VIDÉO. Strasbourg vote contre l'avortement suite à une erreur de traduction
Le rapport Estrela devait consacrer l'IVG comme un droit européen. Mais une motion alternative au texte a été votée sur un malentendu.
Par Joseph MiguelTemps de lecture : 3 min
Mardi 13 décembre, les députés de droite et d'extrême droite poussent des cris de joie dans l'hémicycle du Parlement européen de Strasbourg. Les élus viennent de voter un texte qui enterre "le rapport Estrela" porté par la députée socialiste portugaise du même nom, qui devait consacrer l'avortement comme "un droit européen".
Le texte qui a été entériné est une motion alternative à ce projet, qui prévoit que l'Europe n'a pas à s'occuper des questions d'IVG, traitées par les États au cas par cas. Un projet porté par une coalition conservatrice réunissant le Parti populaire européen (dont les députés UMP) et certains députés "non inscrits" (dont les députés du Front national) qui refusent de sanctuariser l'IVG au niveau européen.

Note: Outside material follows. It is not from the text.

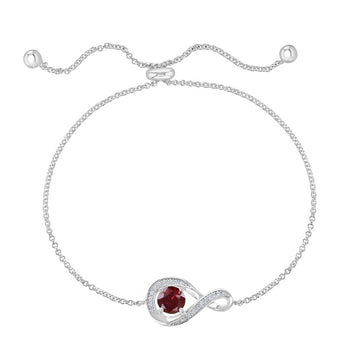 January Birthstone - Garnet Cubic Zirconia sterling Silver Adjustable Bolo Bracelet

Quelques instants avant que ses collègues ne se prononcent sur la motion, la députée portugaise, vice-présidente de la commission pour les droits de la femme et l'égalité des genres, a pris la parole pour inviter ses collègues à rejeter le texte afin que son propre rapport puisse ensuite être voté. Mais contre son avis, celui-ci est adopté à 334 voix pour, et 327 contre. Une courte différence de 7 voix, et un résultat qui s'explique... par une erreur. Déjà le 10 décembre, des députés européens expliquaient avoir voté "par erreur" le maintien de la pêche en eaux profondes.
Interprétation en relais
Cette fois, c'est une erreur des traducteurs qui serait la cause du bug. Trahissant la parole de l'élue, la traduction que les députés français et allemands ont entendue invitait en effet à se prononcer en faveur de la motion alternative. La traduction anglaise en revanche transmettait fidèlement la demande de rejet. Les conséquences de ces erreurs ont été amplifiées par le système de l'interprétation "en relais".
Selon ce système mis en place au Parlement de Strasbourg, cinq interprètes principaux (qui traduisent en anglais, français, espagnol, allemand et italien) servent de référents à leurs collègues, qui traduisent en différé dans d'autres langues. Tous les interprètes des autres langues qui se basaient sur la version française et allemande ont été induits en erreur, répétant le contre-sens à leur tour. Les députés roumains et bulgares ont été, par exemple, victimes par ricochet.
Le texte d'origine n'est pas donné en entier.